AkzoNobel is now focused on becoming a true leader in the paints and coatings industry. The company’s Winning together: 15 by 20 strategy is gathering pace and progress is being made towards realizing 15% return on sales (excluding unallocated corporate center costs) by 2020. It’s an ambitious and challenging target, but improving profit margins is absolutely necessary to enable the company to invest in its markets and regain growth momentum. The Supervisory Board has been heavily involved in critically evaluating, advising and approving the ongoing transformation plans, underlined at both the 2018 Annual General Meeting and the Extraordinary General Meeting in November 2018.

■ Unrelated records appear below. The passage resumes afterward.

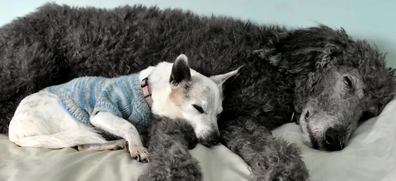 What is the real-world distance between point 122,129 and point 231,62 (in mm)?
680

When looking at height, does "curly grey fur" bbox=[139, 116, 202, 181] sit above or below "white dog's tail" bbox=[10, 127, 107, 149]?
above

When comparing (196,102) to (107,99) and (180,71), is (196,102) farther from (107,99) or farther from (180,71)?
(107,99)

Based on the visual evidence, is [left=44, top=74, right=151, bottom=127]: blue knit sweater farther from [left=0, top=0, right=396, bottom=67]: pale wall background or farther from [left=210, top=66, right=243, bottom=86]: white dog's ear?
[left=0, top=0, right=396, bottom=67]: pale wall background

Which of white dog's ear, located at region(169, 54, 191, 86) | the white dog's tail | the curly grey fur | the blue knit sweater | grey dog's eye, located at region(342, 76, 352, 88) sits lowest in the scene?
the white dog's tail

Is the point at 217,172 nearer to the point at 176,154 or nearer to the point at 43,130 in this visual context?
the point at 176,154

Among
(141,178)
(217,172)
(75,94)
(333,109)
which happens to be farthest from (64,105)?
(333,109)

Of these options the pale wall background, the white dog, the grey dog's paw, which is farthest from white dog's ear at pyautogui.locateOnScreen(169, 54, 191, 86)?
the pale wall background

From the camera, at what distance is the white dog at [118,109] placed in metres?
1.82

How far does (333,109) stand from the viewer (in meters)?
1.97

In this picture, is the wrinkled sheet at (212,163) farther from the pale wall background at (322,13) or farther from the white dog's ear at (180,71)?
the pale wall background at (322,13)

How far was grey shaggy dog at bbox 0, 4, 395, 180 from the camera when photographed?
77.5 inches

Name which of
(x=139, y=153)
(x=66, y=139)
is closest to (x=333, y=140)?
(x=139, y=153)

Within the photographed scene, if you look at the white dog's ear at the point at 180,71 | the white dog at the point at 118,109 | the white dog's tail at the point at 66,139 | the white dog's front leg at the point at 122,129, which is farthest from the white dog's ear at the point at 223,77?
the white dog's tail at the point at 66,139

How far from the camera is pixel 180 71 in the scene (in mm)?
1844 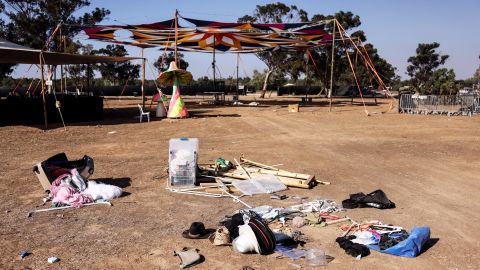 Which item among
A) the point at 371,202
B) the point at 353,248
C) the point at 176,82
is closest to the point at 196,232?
the point at 353,248

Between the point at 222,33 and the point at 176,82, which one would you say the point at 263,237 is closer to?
the point at 176,82

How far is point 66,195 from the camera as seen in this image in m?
6.10

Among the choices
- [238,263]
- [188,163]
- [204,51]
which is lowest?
[238,263]

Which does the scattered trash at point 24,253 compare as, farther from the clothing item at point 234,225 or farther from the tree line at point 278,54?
the tree line at point 278,54

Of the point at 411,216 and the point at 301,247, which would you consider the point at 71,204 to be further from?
the point at 411,216

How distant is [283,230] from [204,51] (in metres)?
27.0

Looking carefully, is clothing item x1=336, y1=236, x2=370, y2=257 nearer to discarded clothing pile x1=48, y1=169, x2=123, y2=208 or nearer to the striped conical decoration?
discarded clothing pile x1=48, y1=169, x2=123, y2=208

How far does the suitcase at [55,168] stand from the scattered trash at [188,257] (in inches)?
120

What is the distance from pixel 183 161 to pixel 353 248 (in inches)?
134

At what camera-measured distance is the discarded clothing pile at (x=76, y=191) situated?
6051 millimetres

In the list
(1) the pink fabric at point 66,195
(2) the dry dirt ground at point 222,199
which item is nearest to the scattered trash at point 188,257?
(2) the dry dirt ground at point 222,199

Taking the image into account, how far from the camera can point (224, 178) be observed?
7.39m

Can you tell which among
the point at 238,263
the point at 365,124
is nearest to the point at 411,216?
the point at 238,263

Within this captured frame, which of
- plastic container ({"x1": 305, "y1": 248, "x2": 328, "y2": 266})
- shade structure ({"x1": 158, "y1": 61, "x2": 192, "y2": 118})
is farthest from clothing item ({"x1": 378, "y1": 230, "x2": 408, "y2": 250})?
shade structure ({"x1": 158, "y1": 61, "x2": 192, "y2": 118})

The Executive Committee, led by Thierry Vanlancker, has had a very busy year completing the sale of Specialty Chemicals, while at the same time focusing on the transformation of the remaining paints and coatings company. The Supervisory Board has been impressed by the Executive Committee’s level of ambition and commitment to leading AkzoNobel to the forefront of the industry.
When reviewing the improvement initiatives that have already had an impact, it’s worth mentioning the pricing program. AkzoNobel showed industry leadership and demonstrated the required discipline and commitment to implement its value over volume strategy – which was necessary to compensate for the unprecedented increase in raw material costs that started back in 2017. Towards the end of 2018, the cost-saving programs also began to produce positive results. At the same time, the company continued to pay close attention to its core principles of safety, integrity and sustainability.
Doing business with integrity remains at the heart of AkzoNobel and the company will continue to focus on strengthening the robust compliance culture which runs throughout the organization. The Supervisory Board is actively involved, conducting regular performance and business reviews. The company’s strategy and targets for sustainability and safety have also been revised and we remain confident that by making this an explicit differentiator, AkzoNobel will continue to enhance its value proposition for employees and business partners.
During several meetings I had in Amsterdam and at various sites, it was evident that some employees are still digesting the events of 2017 and the divestment of the Specialty Chemicals business. It was therefore encouraging to see that the management team has identified increased engagement and collaboration as a key priority. To become a true leader in the industry, everyone needs to be motivated and feel empowered to play their role in the company’s development. It is a top priority for the Supervisory Board that during 2019, as we implement the changes necessary to re-establish our competitiveness and move closer towards our 2020 goals, we also engage the organization in defining and communicating our compelling vision for the long-term future of AkzoNobel.
Finally, I would like to thank the Supervisory Board, the Board of Management, the Executive Committee and all AkzoNobel employees around the world for their commitment and hard work during what was an historic year for the company.
Amsterdam, February 12, 2019
Nils Smedegaard Andersen
Chairman of the Supervisory Board
This is a key profitability measure and is calculated as adjusted operating income as a percentage of revenue.